As this exhibition tells it, Song was an artist, an entrepreneur, a pre-internet style influencer, and a cultural ambassador. She wore many hats, and was successful in nearly all of her ventures.

The show’s organizer, M+ senior curator Pi Li, intended to show the role that Song had played in defining luxury and pop culture in China. And even though she was influential in that way, she has tended not to figure in discussions of Cardin’s legacy. When Cardin died in 2020, she was often not mentioned in the obituaries many publications ran. The exhibition aims to right that wrong.

It brings together more than 320 objects. There are archival materials, films related to Song’s work, and garments by eminent designers like Saint Laurent, Gianfranco Ferré, and Guo Pei. There are magazine clippings and 30-year-old news segments, too, and there is even a large-scale tapestry installation as well.

Song’s collaboration with Cardin dates back to 1979, the year they met in Paris. Cardin tapped her to come on to the business side as a representative of the brand in Beijing. She was an good fit, having already built a social network in China and having already had an art background. 

Born in 1937, Song experienced a tumultuous period of Chinese history firsthand. Japan had invaded China not long before she was born, and her family ended up being displaced because of it. It wasn’t until 1947 that they settled in Beijing. She then studied art at the Central Academy of Fine Arts in the city, later marrying Bulgarian tapestry maker Maryn Varbanov. When the two relocated to Sofia in 1958, she worked as an artist and actress. Then she made her way back to Beijing. 

In 1993, a story published in Women’s Wear Daily explored European designers whose clothes were flowing into China. Designers like Gianfranco Ferré and Valentino Garavani were increasingly visible in the country, and attitudes toward personal styles were changing. “Ferre and Valentino suddenly found themselves playing a new role: ambassadors of style in a country starved for fashion, design and technical know-how,” the story, which is included in the M+ show, reads.

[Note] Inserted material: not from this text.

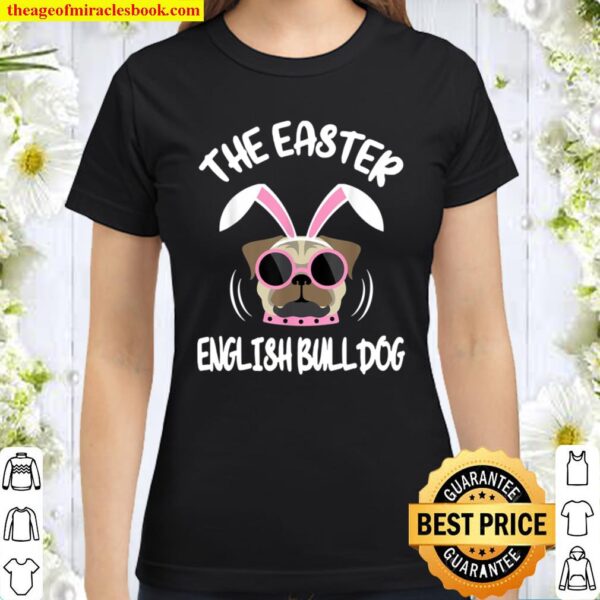 Cute Bunny French Bulldog Easter Eggs Classic Women T-Shirt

The article went on to describe Song as an unofficial “patron” of style and art. She remarked in the piece that trends of the past were visibly changing. Things were becoming less visually homogenized, she claimed. No longer were civilians only donning “drab” grey suits that tended to make most people’s outward appearances look indistinguishable from one another.

Li, the exhibition’s curator, envisions Song as a Chinese figure with deep connections to the West. That’s in keeping with M+’s broader vision, which asserts that China’s various arts scenes did not function in isolation. (The museum houses the collection of Swiss media titan Uli Sigg, a collector of work by political Chinese artists, many who worked with moving images. He served as an ambassador to China in the 1990s, when Song was already a known figure.)

For Cardin, Song was useful in expanding what the New York Times once called an “omnipresent global brand.” That brand encompassed clothing, accessories, furniture, household products, and fragrances, all sold through an estimated 800 licenses in more than 140 countries.

Song was there to help materialize the vision when Cardin wanted to expand beyond wearable items. In 1981, he’d moved on to investments in entertainment, buying the restaurant Maxim’s in Paris and opening its second location in Beijing shortly afterward, appointing Song as its manager. But the restaurant was not merely an eatery: it was also a set for several films, too. Its role in Chinese cinema history is featured in I Love Beijing, a film by Ning Ying included in this show.

In some ways, the Song exhibition is not just a show—it is also a bid to amp up the profile of Hong Kong’s fashion world, too. At a cultural summit staged earlier this week, Henry Tang, chairman of the city’s West Kowloon District Authority, which operates M+, said Hong Kong would launch a fashion week this year. It’s set to compete with Shanghai’s fashion week, and while details about the event remain sparse, the Song show suggests that Hong Kong is steadily building its might in that field.